PROVIDED DATA –

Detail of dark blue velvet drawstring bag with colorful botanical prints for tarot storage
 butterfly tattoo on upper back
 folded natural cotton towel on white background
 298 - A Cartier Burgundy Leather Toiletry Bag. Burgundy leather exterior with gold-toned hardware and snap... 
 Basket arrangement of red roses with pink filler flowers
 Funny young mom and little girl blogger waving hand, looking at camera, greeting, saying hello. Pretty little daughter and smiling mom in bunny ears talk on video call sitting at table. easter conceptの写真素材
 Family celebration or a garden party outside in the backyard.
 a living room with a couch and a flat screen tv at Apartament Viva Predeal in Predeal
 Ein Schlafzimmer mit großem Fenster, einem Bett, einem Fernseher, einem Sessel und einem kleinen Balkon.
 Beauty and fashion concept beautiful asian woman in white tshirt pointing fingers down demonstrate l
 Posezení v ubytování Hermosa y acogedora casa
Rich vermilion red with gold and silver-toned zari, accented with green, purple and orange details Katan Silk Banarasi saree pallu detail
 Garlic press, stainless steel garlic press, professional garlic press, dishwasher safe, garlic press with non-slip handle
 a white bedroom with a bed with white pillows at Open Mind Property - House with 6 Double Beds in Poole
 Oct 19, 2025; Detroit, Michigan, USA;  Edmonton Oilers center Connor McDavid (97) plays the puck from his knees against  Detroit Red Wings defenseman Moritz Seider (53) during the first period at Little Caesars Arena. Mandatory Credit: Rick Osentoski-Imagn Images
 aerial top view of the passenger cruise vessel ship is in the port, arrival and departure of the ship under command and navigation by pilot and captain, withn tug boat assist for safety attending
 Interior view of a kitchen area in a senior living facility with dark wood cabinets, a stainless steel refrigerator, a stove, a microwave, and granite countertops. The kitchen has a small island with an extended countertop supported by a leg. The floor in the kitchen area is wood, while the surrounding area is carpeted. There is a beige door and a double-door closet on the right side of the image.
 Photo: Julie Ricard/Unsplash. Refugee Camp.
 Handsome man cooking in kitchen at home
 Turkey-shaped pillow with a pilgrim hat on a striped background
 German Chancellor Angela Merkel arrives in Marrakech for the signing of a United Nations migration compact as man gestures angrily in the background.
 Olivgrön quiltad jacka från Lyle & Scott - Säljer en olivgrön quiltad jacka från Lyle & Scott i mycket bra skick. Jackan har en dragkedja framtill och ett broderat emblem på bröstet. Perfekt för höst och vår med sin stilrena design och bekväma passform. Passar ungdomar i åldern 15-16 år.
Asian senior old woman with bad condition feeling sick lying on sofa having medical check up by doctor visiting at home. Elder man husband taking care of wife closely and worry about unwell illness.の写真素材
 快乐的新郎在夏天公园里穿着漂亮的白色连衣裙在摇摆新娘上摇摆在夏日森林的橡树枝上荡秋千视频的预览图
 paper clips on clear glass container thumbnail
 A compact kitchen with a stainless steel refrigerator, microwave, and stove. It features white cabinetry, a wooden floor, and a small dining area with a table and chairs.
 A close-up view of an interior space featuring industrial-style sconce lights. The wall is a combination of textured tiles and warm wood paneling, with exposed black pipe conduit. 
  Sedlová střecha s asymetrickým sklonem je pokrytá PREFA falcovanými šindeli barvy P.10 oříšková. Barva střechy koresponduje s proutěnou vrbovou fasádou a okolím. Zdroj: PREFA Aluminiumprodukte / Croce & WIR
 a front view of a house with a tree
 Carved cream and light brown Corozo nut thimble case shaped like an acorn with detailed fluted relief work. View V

EXERCISE INSTRUCTIONS – Using the records above, copy word for word the line with "Handsome man cooking in kitchen at home", the line with "快乐的新郎在夏天公园里穿着漂", and every line between them.

RESPONSE AREA –
 Handsome man cooking in kitchen at home
 Turkey-shaped pillow with a pilgrim hat on a striped background
 German Chancellor Angela Merkel arrives in Marrakech for the signing of a United Nations migration compact as man gestures angrily in the background.
 Olivgrön quiltad jacka från Lyle & Scott - Säljer en olivgrön quiltad jacka från Lyle & Scott i mycket bra skick. Jackan har en dragkedja framtill och ett broderat emblem på bröstet. Perfekt för höst och vår med sin stilrena design och bekväma passform. Passar ungdomar i åldern 15-16 år.
Asian senior old woman with bad condition feeling sick lying on sofa having medical check up by doctor visiting at home. Elder man husband taking care of wife closely and worry about unwell illness.の写真素材
 快乐的新郎在夏天公园里穿着漂亮的白色连衣裙在摇摆新娘上摇摆在夏日森林的橡树枝上荡秋千视频的预览图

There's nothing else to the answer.